Grilling Know-How


Types of Grills
Braziers are designed for direct grilling with a firebox and rack. There are also more elaborate models with hoods, rotisseries, and air vents.
Hibachis are miniature-sized grills for direct-heat grilling. They are great for smaller quantities and the size makes them ideal for toting to a park or beach. Most have rack adjustments and air vents.
Kettle or Wagon Grills are designed for covered grilling, but also work well for direct grilling.
Starting the Fire
For gas grills, follow the manufacturer's instructions. Always be sure to have the grill lid open when lighting. Some grills have spark igniters that will start when the igniter is turned on. Others require a lighted match to be inserted into the lighting hole located at front or side of grill box. The first use of a grill will require longer preheating to temper the coals. Subsequent use normally requires about 5 minutes preheat time to heat the coals.
For charcoal grilling, allow about 30 minutes to preheat the briquettes. Self-lighting charcoal takes only 10 to 15 minutes to preheat.
Use enough charcoal for a single layer to extend about 1 inch beyond cooking area for direct grilling. For indirect grilling, use enough charcoal for a single layer around the perimeter of the grill. Additional charcoal may be necessary if the weather is humid or windy.
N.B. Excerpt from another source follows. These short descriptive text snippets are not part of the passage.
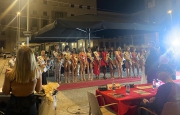 Palestina e Miss Lago Maggiore, i due volti della piazza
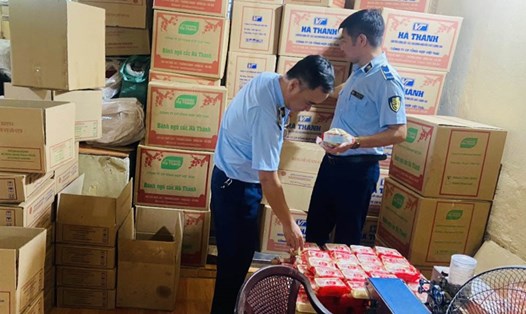 Xử lý cơ sở kinh doanh bánh kẹo ở Thái Bình vi phạm về nhãn hàng hóa trị giá hơn 50 triệu đồng. Ảnh: Cục QLTT Thái Bình
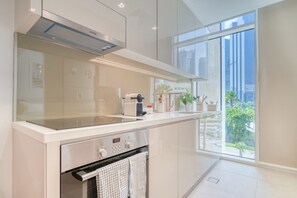 Kühlschrank, Mikrowelle, Ofen, Geschirrspüler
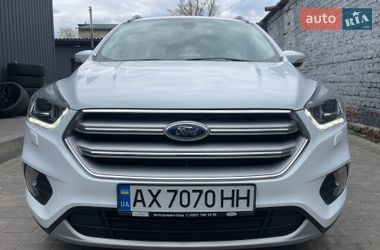 Внедорожник / Кроссовер Ford Kuga 2019 в Харькове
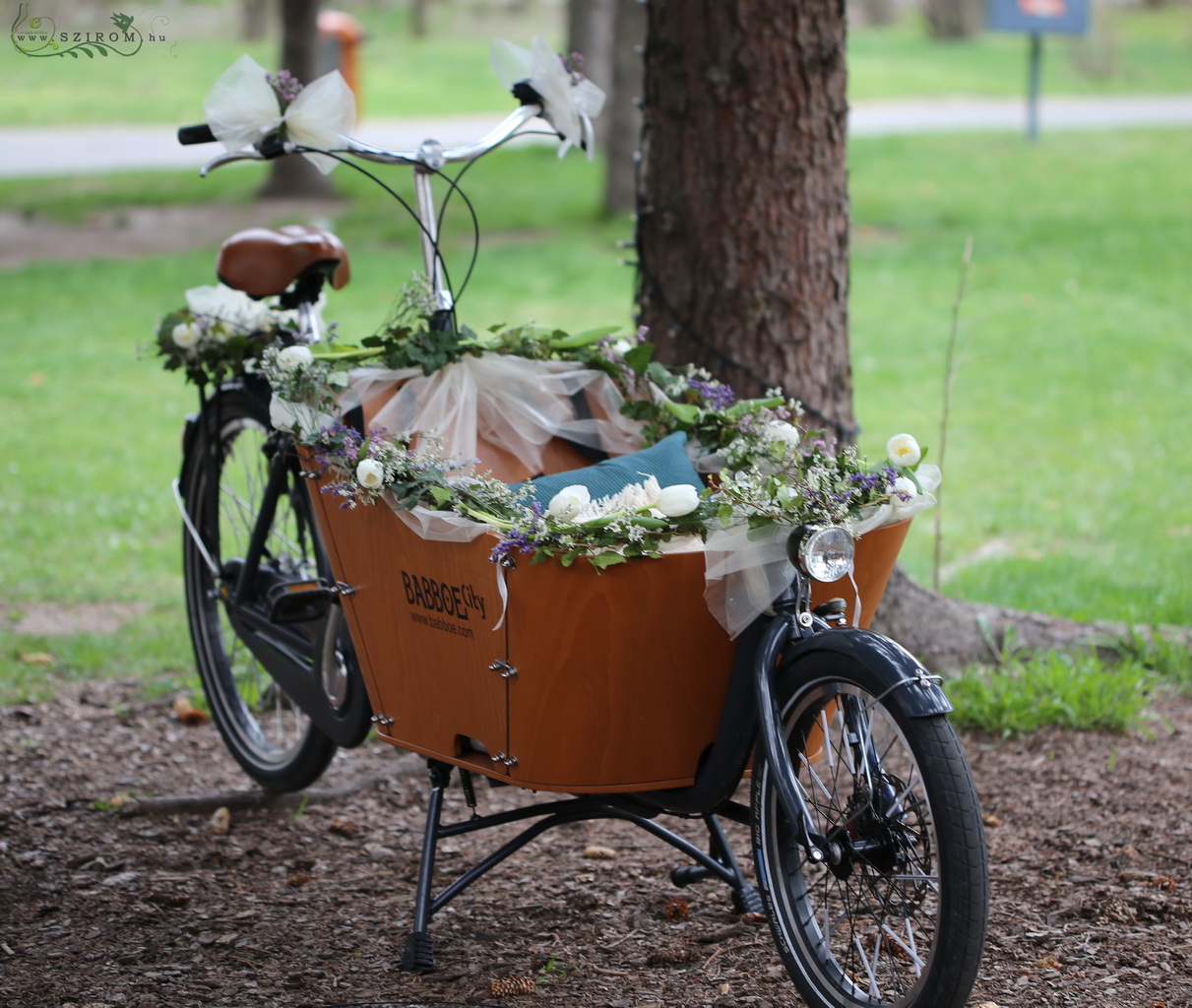 Bicikli dekor (fehér, lila, tulipán, sóvirág)
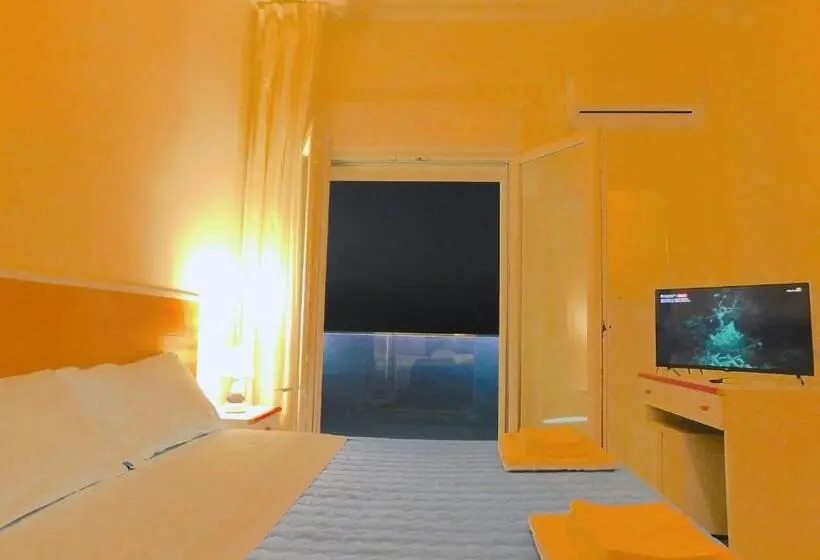 اتاق استاندارد سه نفره, Albergo Lido Diomedee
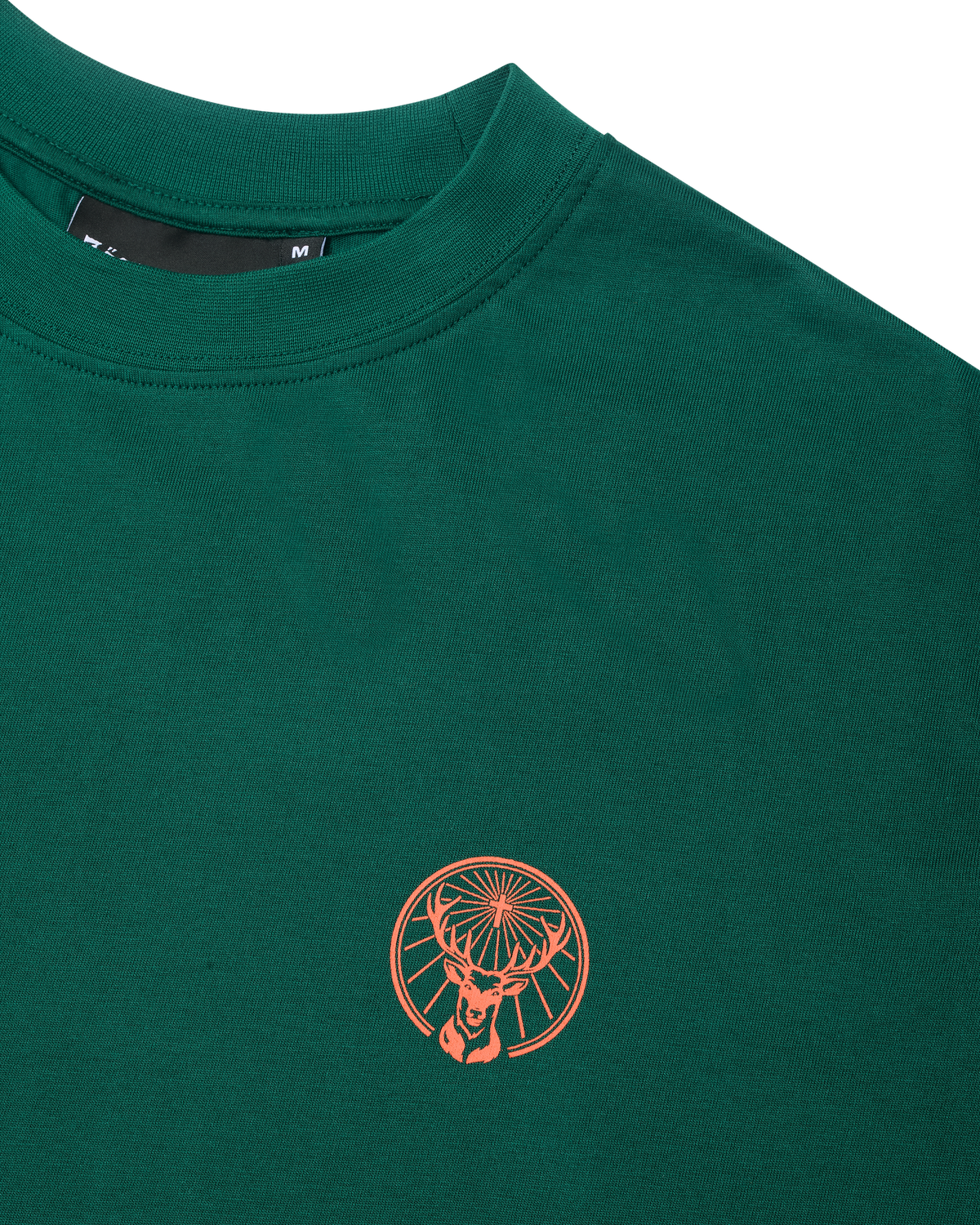 T-shirt verde Jägermeister con un logo arancione sul petto.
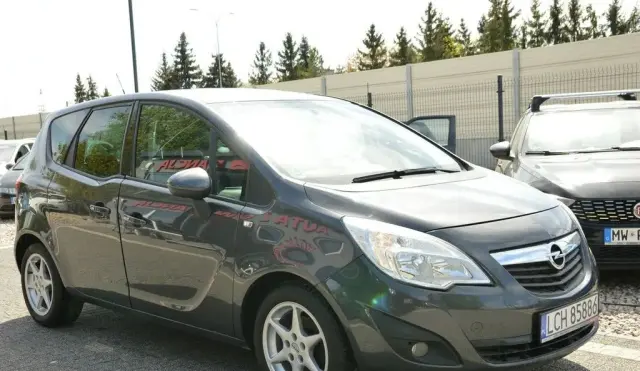 OPEL Meriva 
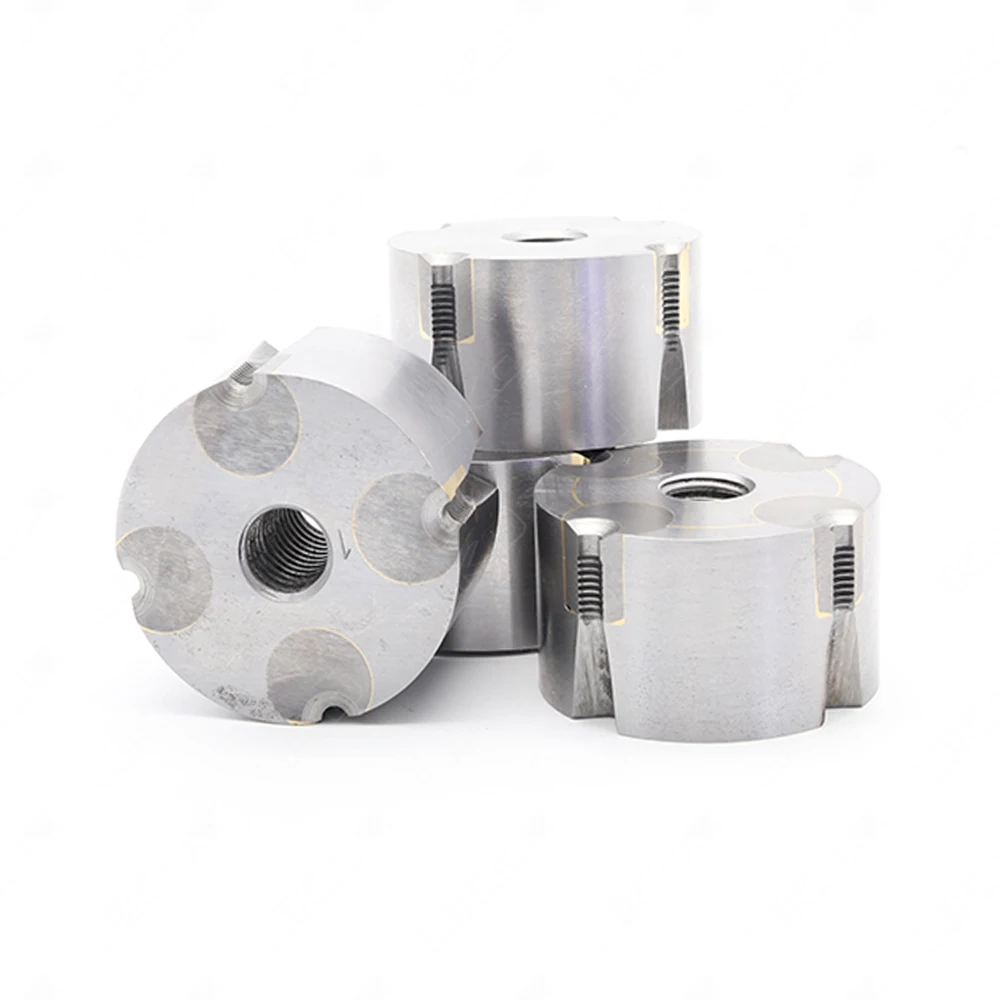 Brazed wire nail gripper making die for wire nails making machines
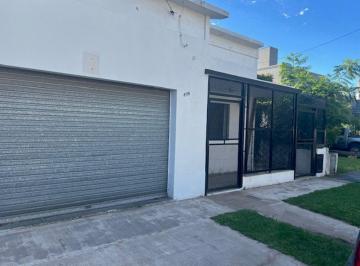 Casa · 120m² · 3 Ambientes · 2 Cocheras · Casa C/gran Terreno, Buena Ubicacion, Barrio Parque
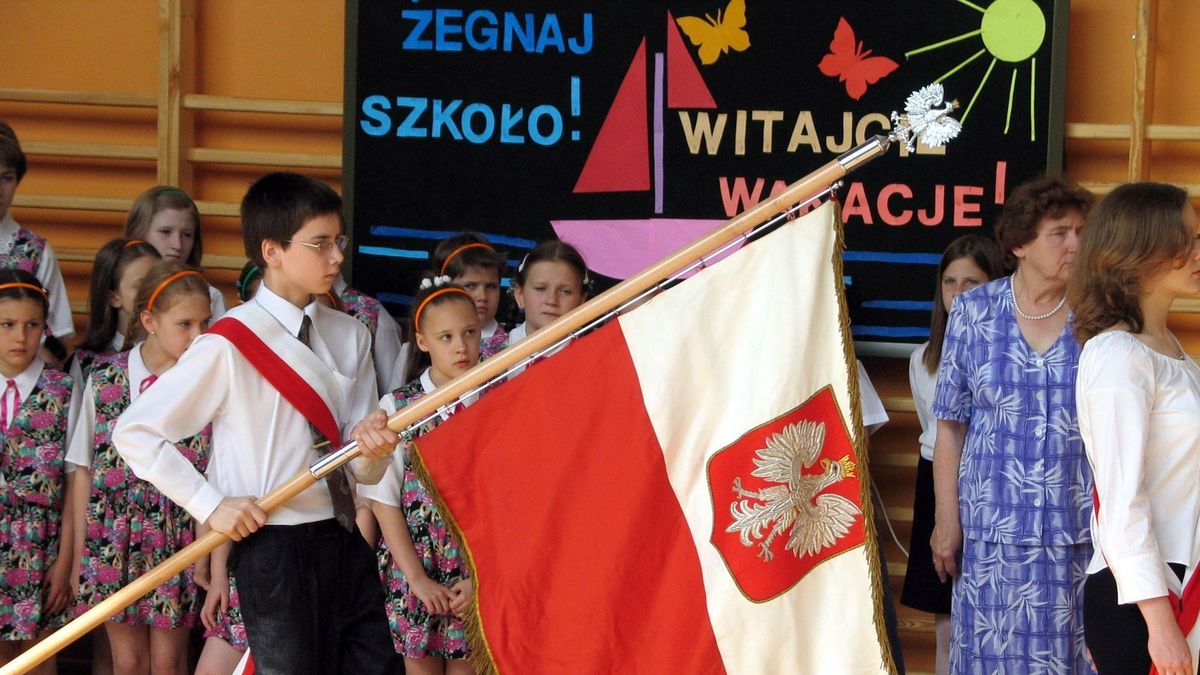 Nauczyciele nie pracują tylko w klasie. W wakacje i ferie szkolą się i przygotowują do nowego roku. 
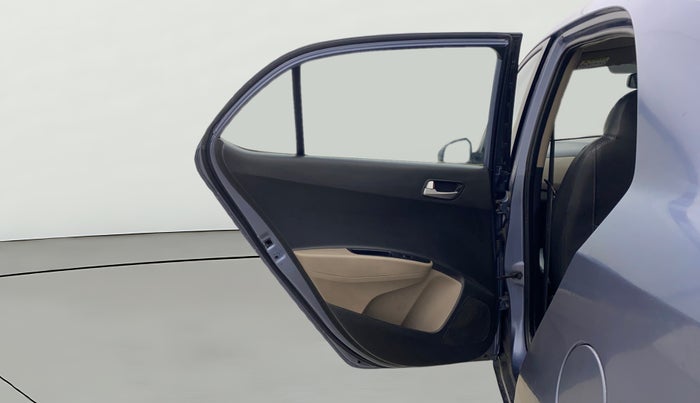 2015 Hyundai Xcent SX 1.2, Petrol, Manual, 1,20,441 km, LHS Rear Door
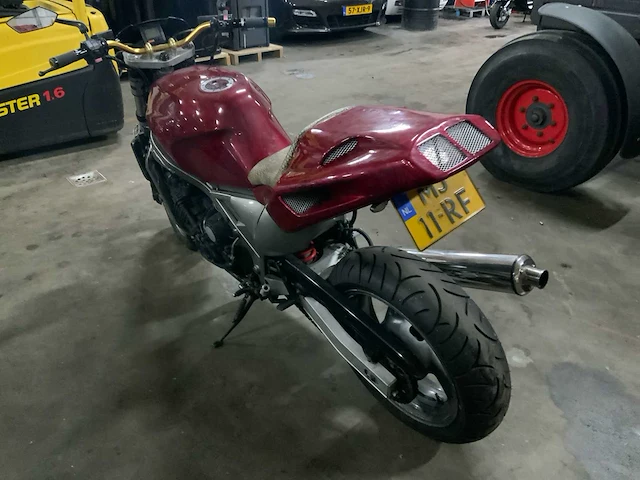 Yamaha sport motorfiets - afbeelding 10 van  14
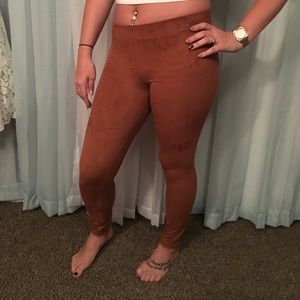 Rusty brown Almost Famous legging never worn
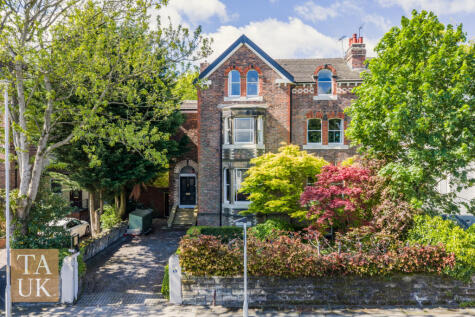 Shrewsbury Road, Prenton, CH43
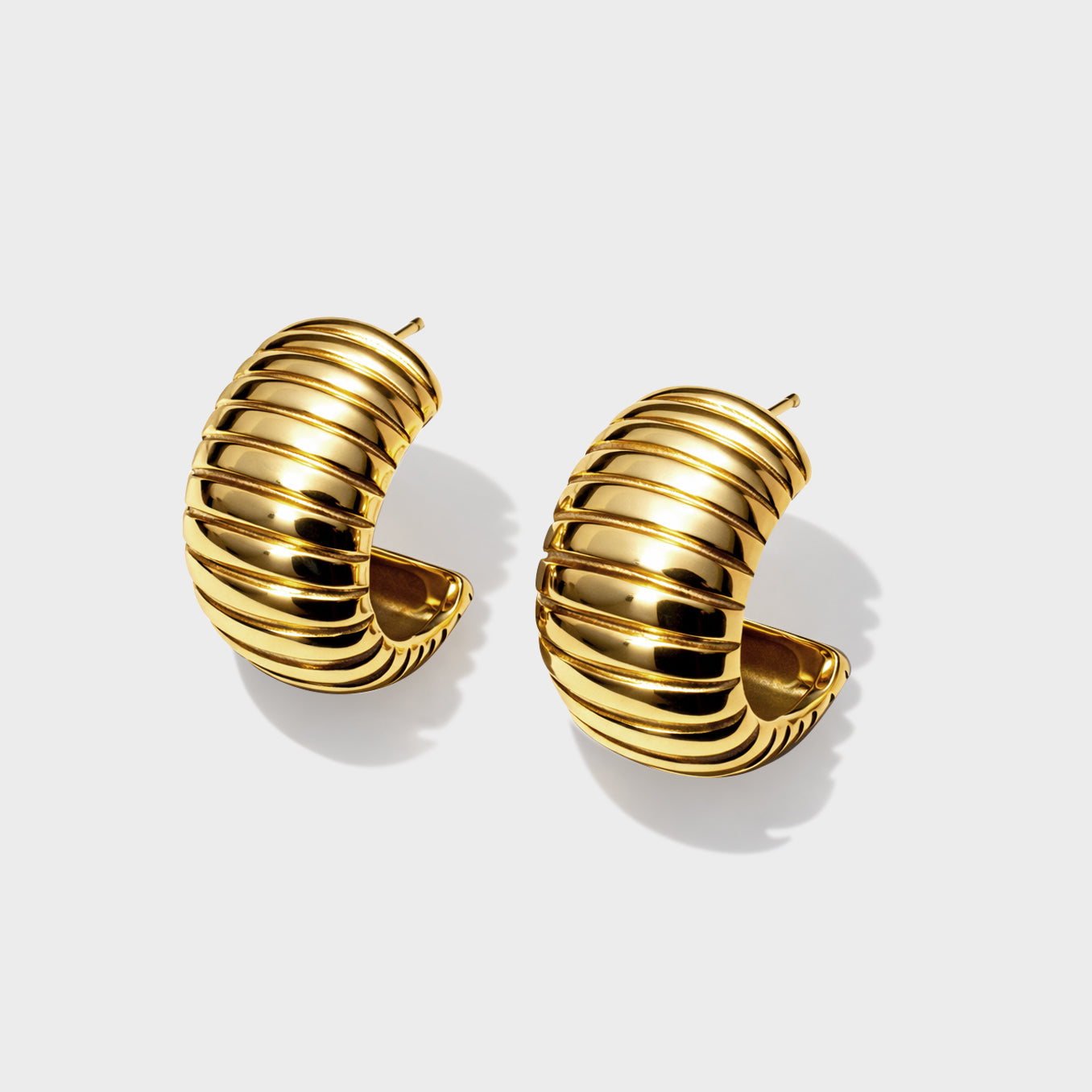 Gold ribbed chunky hoop earrings in stainless steel – Bizou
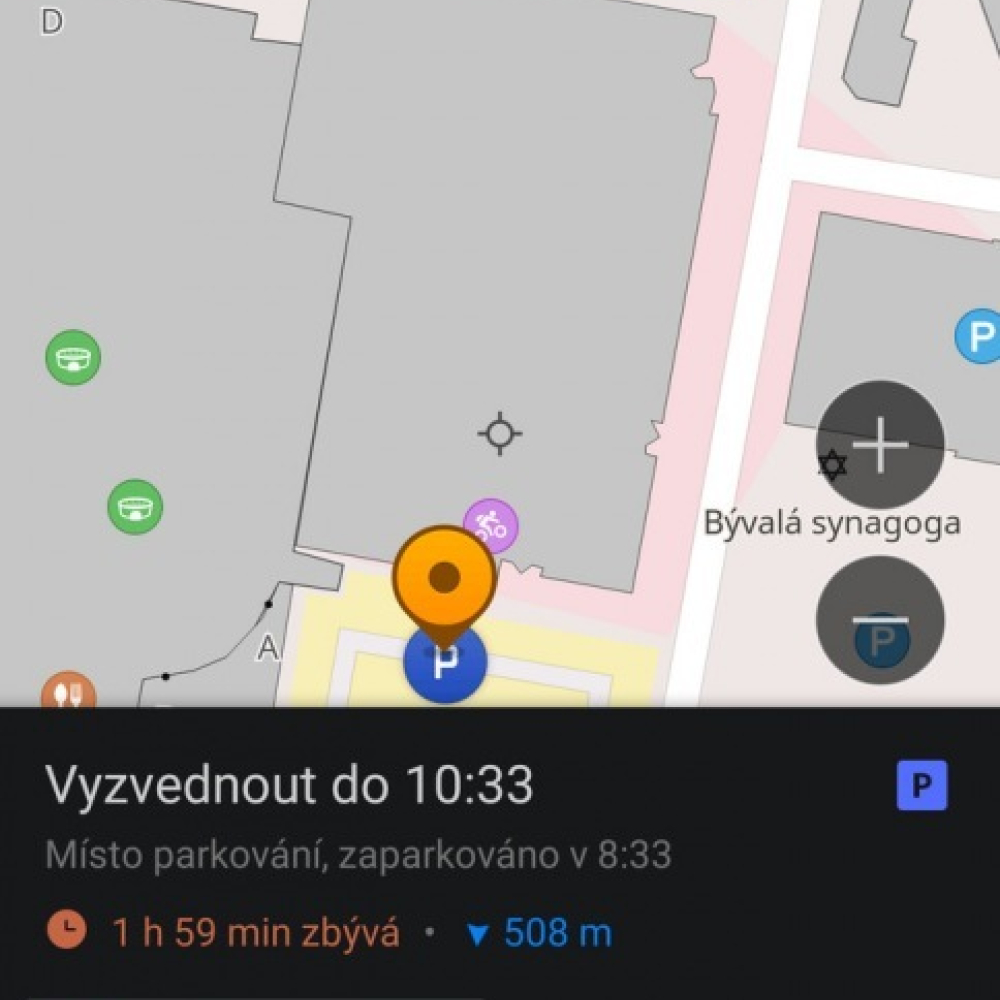 Pohled na parkovací místo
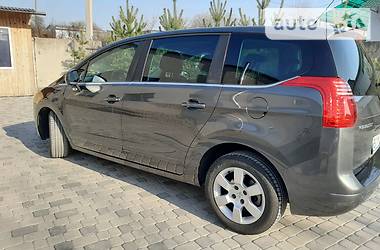 Универсал Peugeot 5008 2013 в Тернополе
To light charcoal, push charcoal into a mound in the center of the grill. For regular briquettes, you can use an electric starter or one of the liquid or solid types of starter. Always follow manufacturer's instructions carefully. Starters work best if you wait about a minute after adding so there is time for it to penetrate the briquettes. Never add more starter after fire is started! And, only use starter designed for barbecuing. Never use gasoline or kerosene! Self-lighting briquettes don't require starter-just light them with a match.
When ready to use, coals will appear ash gray in daylight or glowing red at night.
Direct or Indirect Grilling
Direct cooking is where the coals are arranged in a single layer directly beneath the food. For highest heat, place coals close together. For more moderate heat, place coals about 1 inch apart.
Indirect cooking is where the coals are arranged away from the food so the juices do not drip directly on the coals and cause flare-ups. Arrange the hot coals around the perimeter of the area where cooking will take place. Place a disposable foil drip pan directly under the food. A cover is necessary with this type cooking to hold in the heat and allow the heat to radiate back to the food indirectly.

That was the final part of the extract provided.